### BRIEF
Output the data below only from the line containing "las defensas necesarias, resultando" up to and including the line containing "Cachorro ra a", exact and with the pictures left out.

* * *

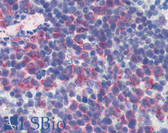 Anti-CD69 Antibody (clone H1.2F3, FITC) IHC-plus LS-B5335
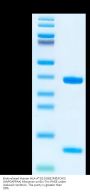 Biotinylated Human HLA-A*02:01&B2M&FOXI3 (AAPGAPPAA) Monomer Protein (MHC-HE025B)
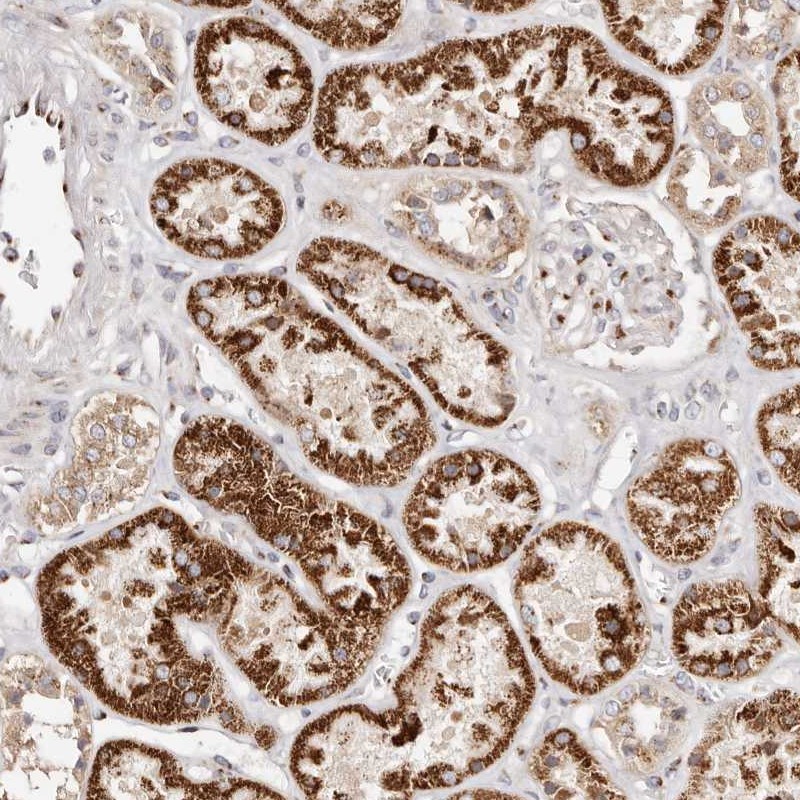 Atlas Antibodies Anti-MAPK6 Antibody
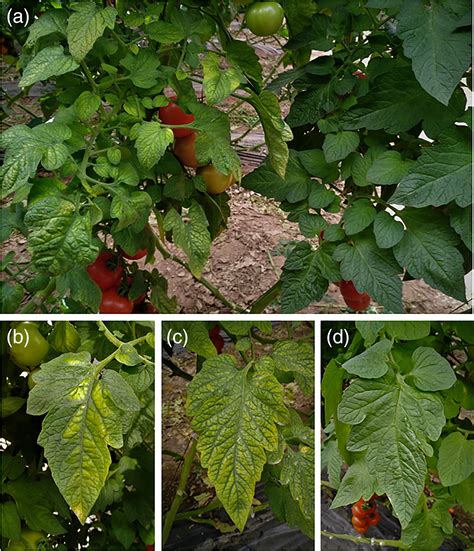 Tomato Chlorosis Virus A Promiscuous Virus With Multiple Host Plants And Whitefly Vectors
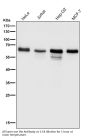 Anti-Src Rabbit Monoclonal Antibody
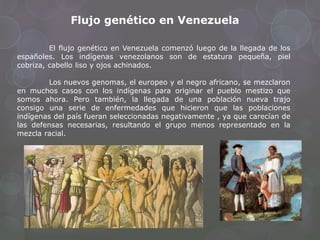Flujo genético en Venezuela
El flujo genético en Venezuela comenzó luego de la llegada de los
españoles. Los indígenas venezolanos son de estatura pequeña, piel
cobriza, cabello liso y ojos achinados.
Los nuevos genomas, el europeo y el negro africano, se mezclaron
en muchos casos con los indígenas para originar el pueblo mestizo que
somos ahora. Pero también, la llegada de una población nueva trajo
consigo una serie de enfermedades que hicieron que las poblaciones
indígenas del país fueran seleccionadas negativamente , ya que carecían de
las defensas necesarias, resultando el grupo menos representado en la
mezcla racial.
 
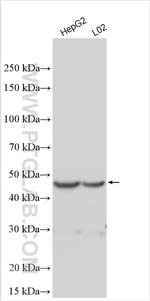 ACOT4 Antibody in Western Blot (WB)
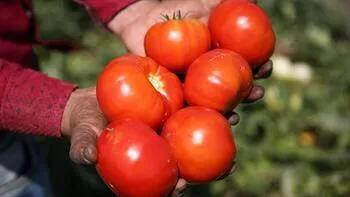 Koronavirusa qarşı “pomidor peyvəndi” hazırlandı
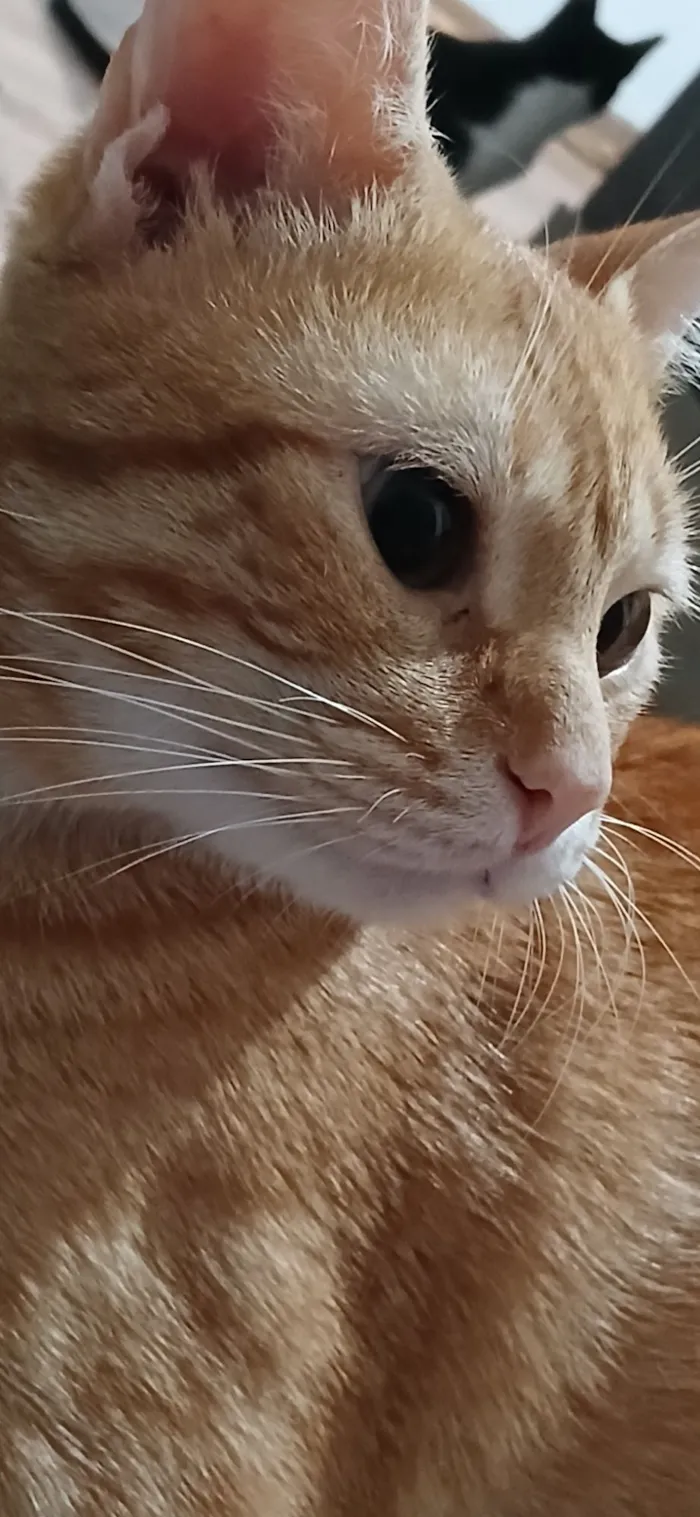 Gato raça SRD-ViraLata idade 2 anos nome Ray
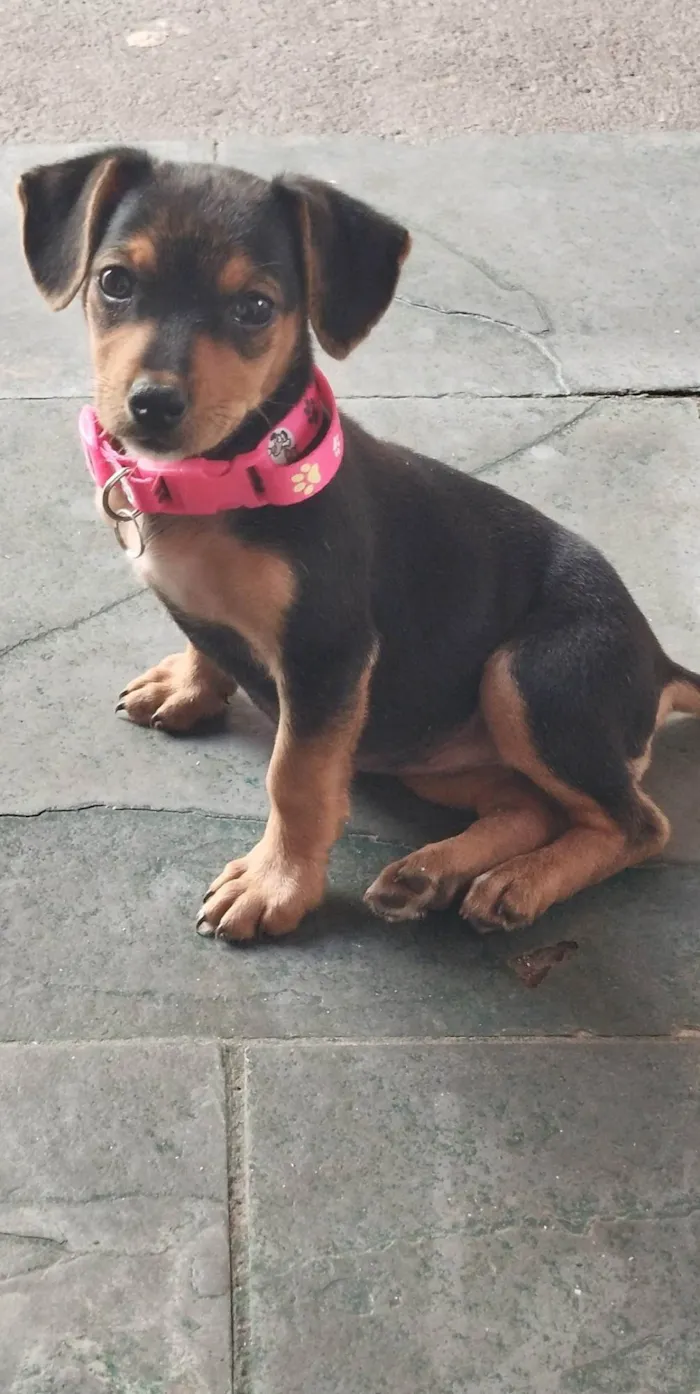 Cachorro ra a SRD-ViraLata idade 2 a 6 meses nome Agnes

* * *

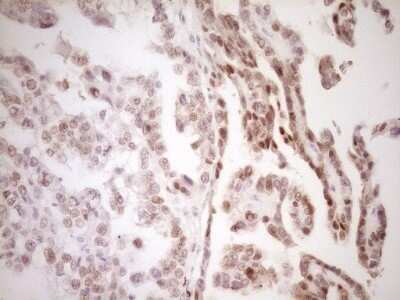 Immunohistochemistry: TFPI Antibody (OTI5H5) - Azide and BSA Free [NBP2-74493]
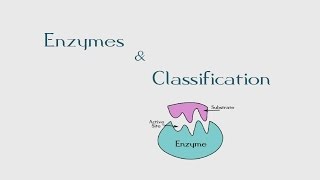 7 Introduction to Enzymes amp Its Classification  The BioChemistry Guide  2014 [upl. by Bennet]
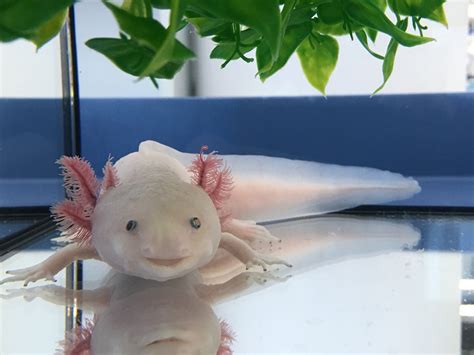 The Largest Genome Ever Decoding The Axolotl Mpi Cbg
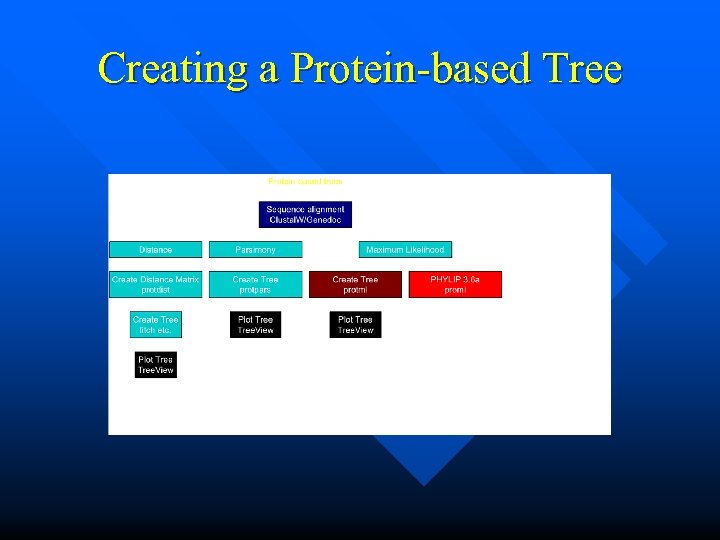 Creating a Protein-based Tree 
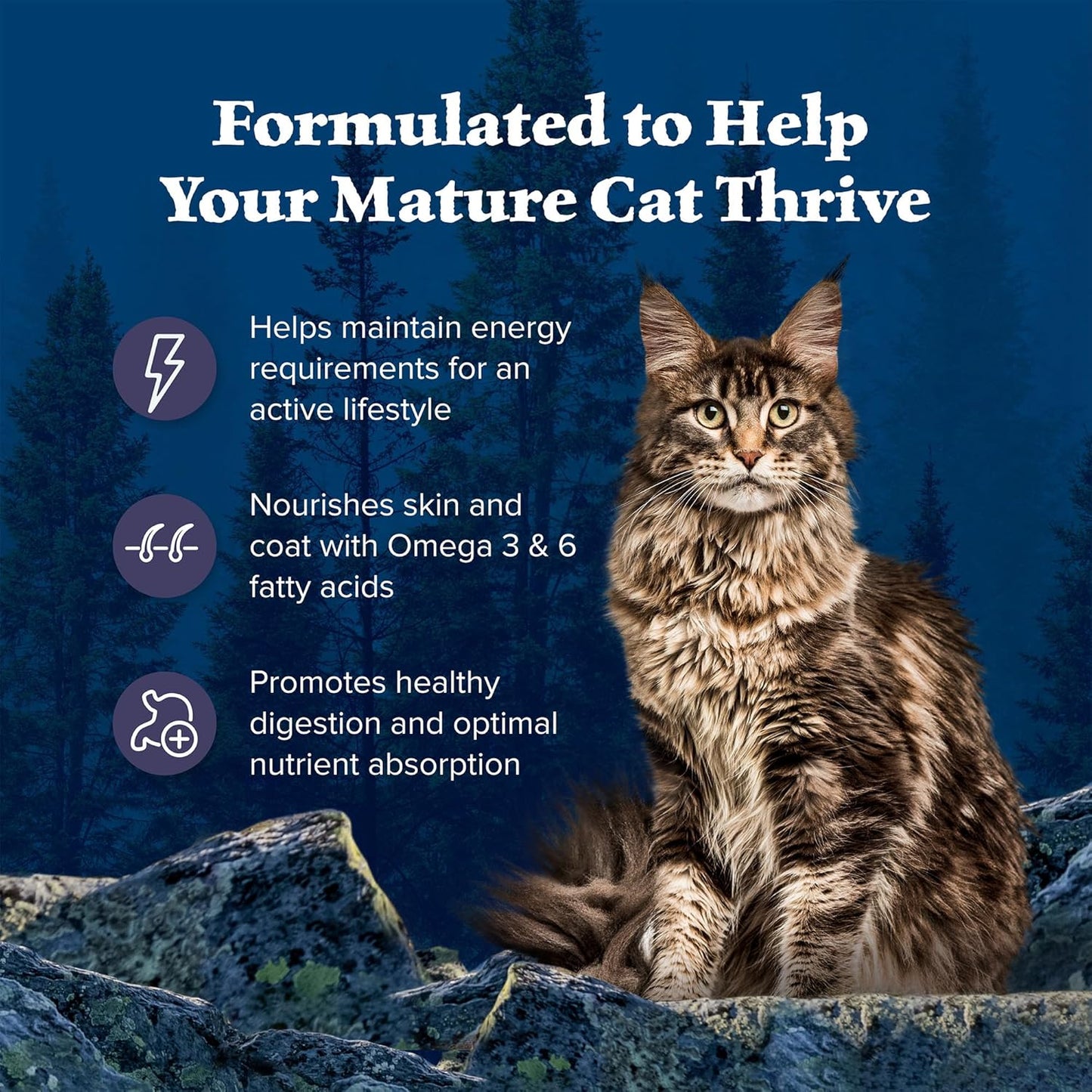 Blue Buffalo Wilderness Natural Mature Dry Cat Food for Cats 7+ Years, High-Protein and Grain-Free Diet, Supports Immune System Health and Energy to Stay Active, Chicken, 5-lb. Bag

* * *

### TASK SOLUTION
las defensas necesarias, resultando el grupo menos representado en la
mezcla racial.
 
 ACOT4 Antibody in Western Blot (WB)
 Koronavirusa qarşı “pomidor peyvəndi” hazırlandı
 Gato raça SRD-ViraLata idade 2 anos nome Ray
 Cachorro ra a SRD-ViraLata idade 2 a 6 meses nome Agnes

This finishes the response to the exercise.